Tuvo razón el presidente de Estados Unidos Barack Obama, cuando contestó que no puede oprimir un botón para restituir en el poder al depuesto presidente de Honduras Manuel Zelaya.
Como es del conocimiento, el mandatario hondureño fue defenestrado del poder por un movimiento nacional que incluye a la Suprema Corte de Justicia, al Congreso y al Ejército de su país, así como una amplia base social en la que está incluido el propio partido que en su momento llevó al poder a Zelaya.
El repudio que redujo al siete por ciento la aceptación de los hondureños por su presidente, llegó al máximo en virtud de los intentos de Zelaya por reformar la Constitución Hondureña, como antes hicieron en sus respectivos países Hugo Chávez, Evo Morales y César Correa, siguiendo un modelo que amenaza desembocar en gobiernos autoritarios basados en un caudillaje personal y vitalicio, de acuerdo al modelo castrista de Cuba que gime bajo la dictadura más vieja del planeta.

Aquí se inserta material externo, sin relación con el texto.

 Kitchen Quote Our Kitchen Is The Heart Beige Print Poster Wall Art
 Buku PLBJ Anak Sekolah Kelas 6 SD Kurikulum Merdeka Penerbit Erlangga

Los hondureños aseguran que procedieron de manera institucional y conforme a sus propias leyes al deponer a Zelaya, y el Gobierno que en la actualidad opera basa su legitimidad en dicha apreciación, así como en el carácter incruento tanto de la expulsión del mandatario, como de la permanencia del Gobierno en funciones.
Los organismos que representan a la comunidad internacional no reconocen que en el caso se hayan respetado las formas legales, razón por la cual condenaron el movimiento como Golpe de Estado aunque se han abstenido de actuar militarmente, limitados en virtud de los principios del Derecho Internacional, relativos a la no intervención y la autodeterminación de los pueblos.
Lo curioso es que el actual escenario parece no dar satisfacción ni a quienes simpatizan con el Gobierno hondureño en funciones que quisieran verlo reconocido por los organismos internacionales, ni a los partidarios de Manuel Zelaya, entre quienes se cuentan algunos de los mismos que a conveniencia han sido críticos acérrimos del "imperialismo yanqui", y que hoy piden a gritos que los Estados Unidos intervengan militarmente.
Esta insatisfacción generalizada, deriva de que pocas son las personas que entienden y aceptan que el derecho internacional como todo sistema jurídico no pasa de ser un instrumento normativo al servicio del hombre en su doble vertiente individual y colectiva, y como tal las leyes no son "nana" de nadie, sino que cada ser humano y cada comunidad, ciudad, país o conjunto de países, somos dueños y responsables de nuestro propio destino.
El asunto de Honduras no puede ser resuelto a la medida de cada una de las partes en pugna, porque acontece en un escenario en el que la configuración del nuevo orden mundial que emergente a raíz de la terminación de la Guerra Fría, acusa el fin de los imperios y demanda la responsabilidad compartida de todos los actores sin excepción, grandes y pequeños, ricos y pobres y todo ello, en el marco de un sistema de justicia que toma en cuenta los múltiples intereses de todos los que participan.
Ese nuevo orden mundial no termina de cuajar ni en su diseño y menos en su operación práctica, por lo que habrá que luchar por él y seguir construyéndolo y entre tanto, los utopistas creyentes en las soluciones mágicas, dogmáticas o por decreto de los problemas sociales y políticos, tendrán que esperar.